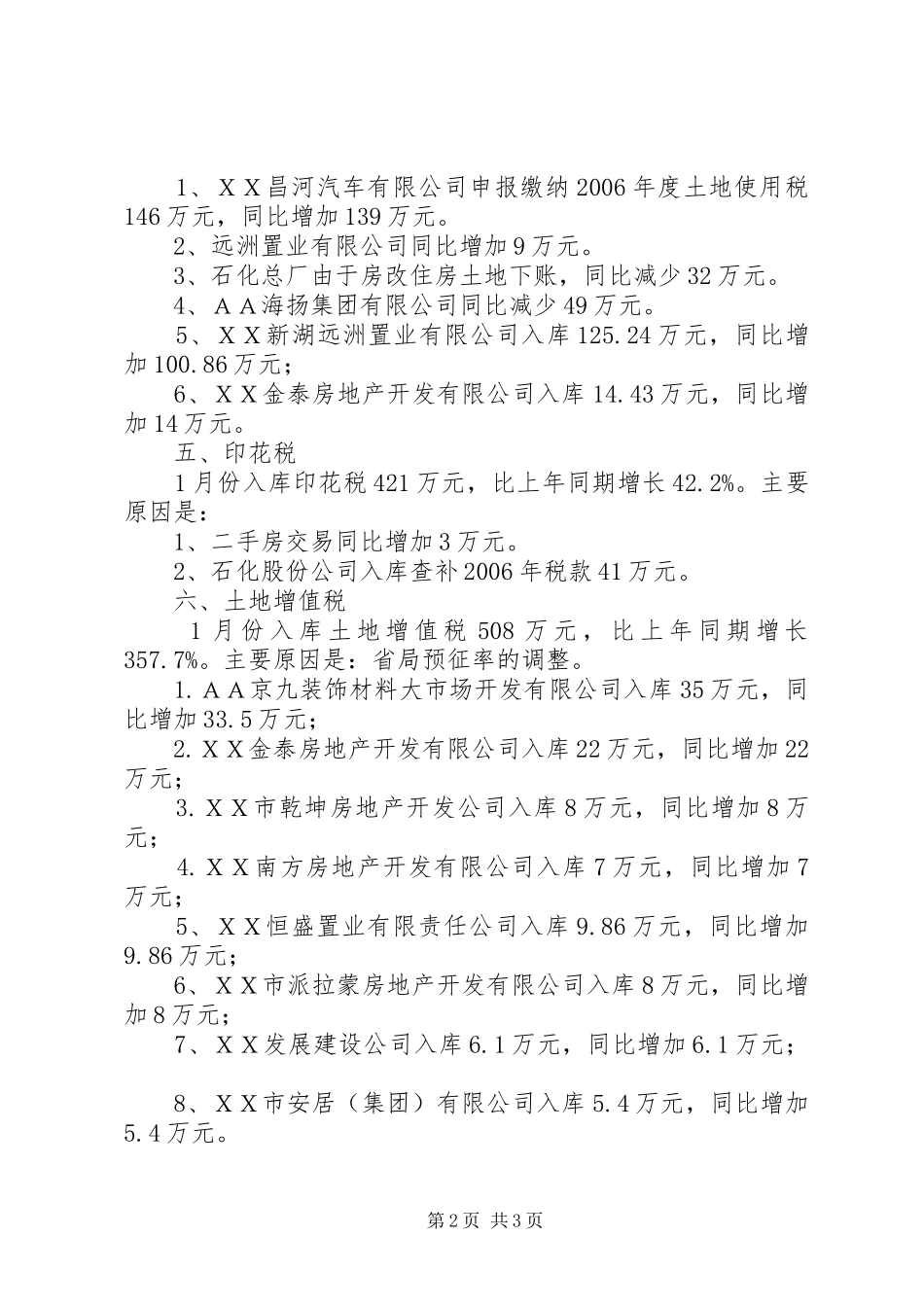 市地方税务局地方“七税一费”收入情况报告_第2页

...

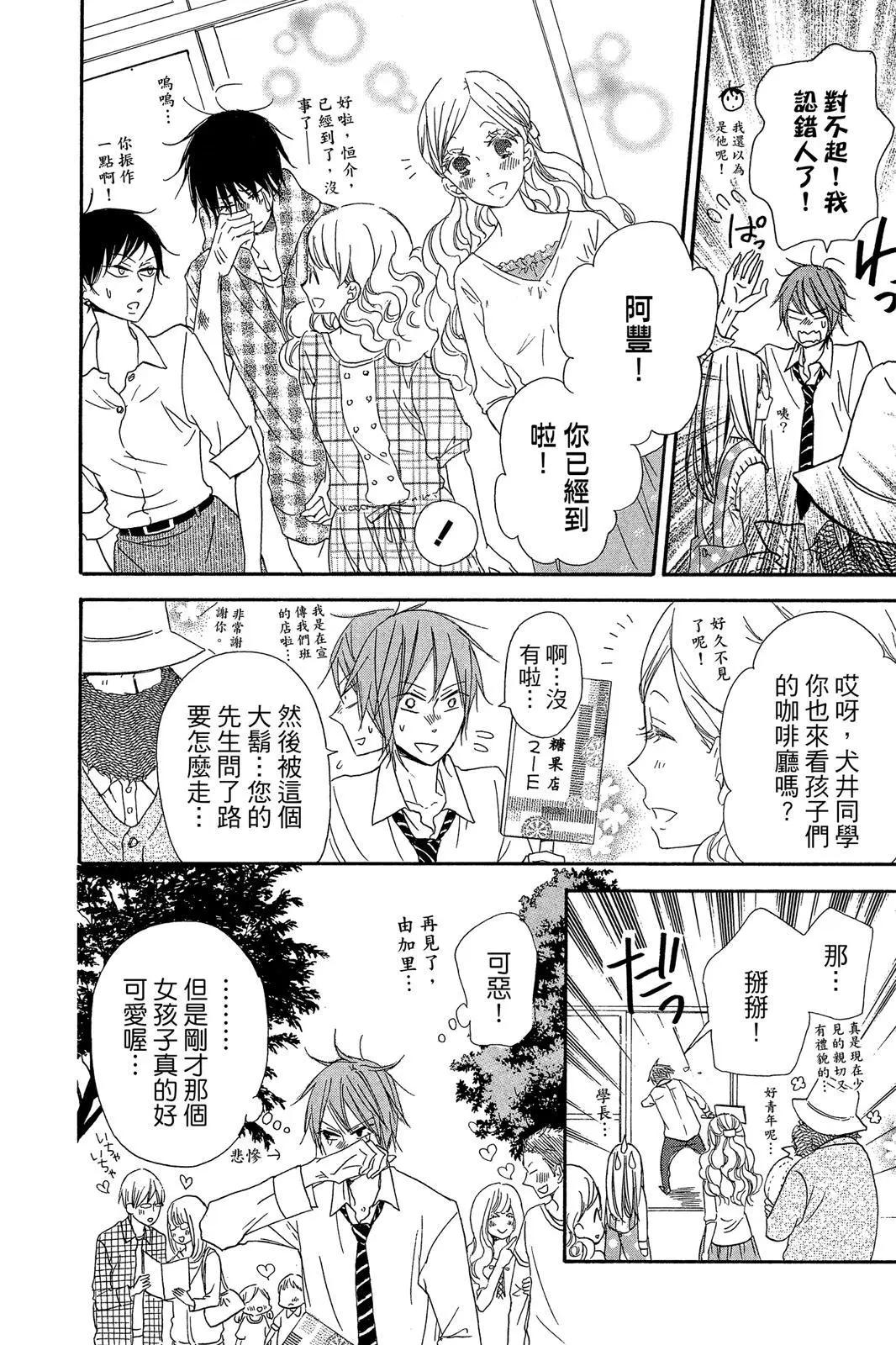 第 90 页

---

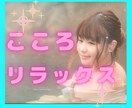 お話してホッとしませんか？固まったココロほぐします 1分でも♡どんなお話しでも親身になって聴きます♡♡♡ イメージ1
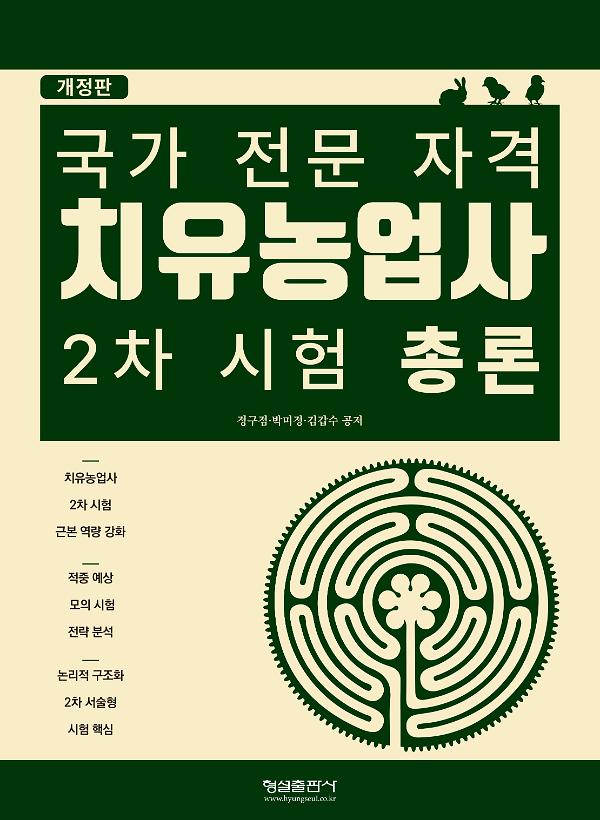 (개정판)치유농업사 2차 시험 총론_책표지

Work request: In the listing above, find the line containing "お話してホッとしませんか？固まったココロほぐします 1分でも♡どんなお話しでも親身になって聴きます♡♡♡ イメージ1" and the line containing "(개정판)치유농업사 2차 시험 총론_책표지". Print those two lines and every line between them exactly, with no pictures.

Answer to this exercise:
 お話してホッとしませんか？固まったココロほぐします 1分でも♡どんなお話しでも親身になって聴きます♡♡♡ イメージ1
 (개정판)치유농업사 2차 시험 총론_책표지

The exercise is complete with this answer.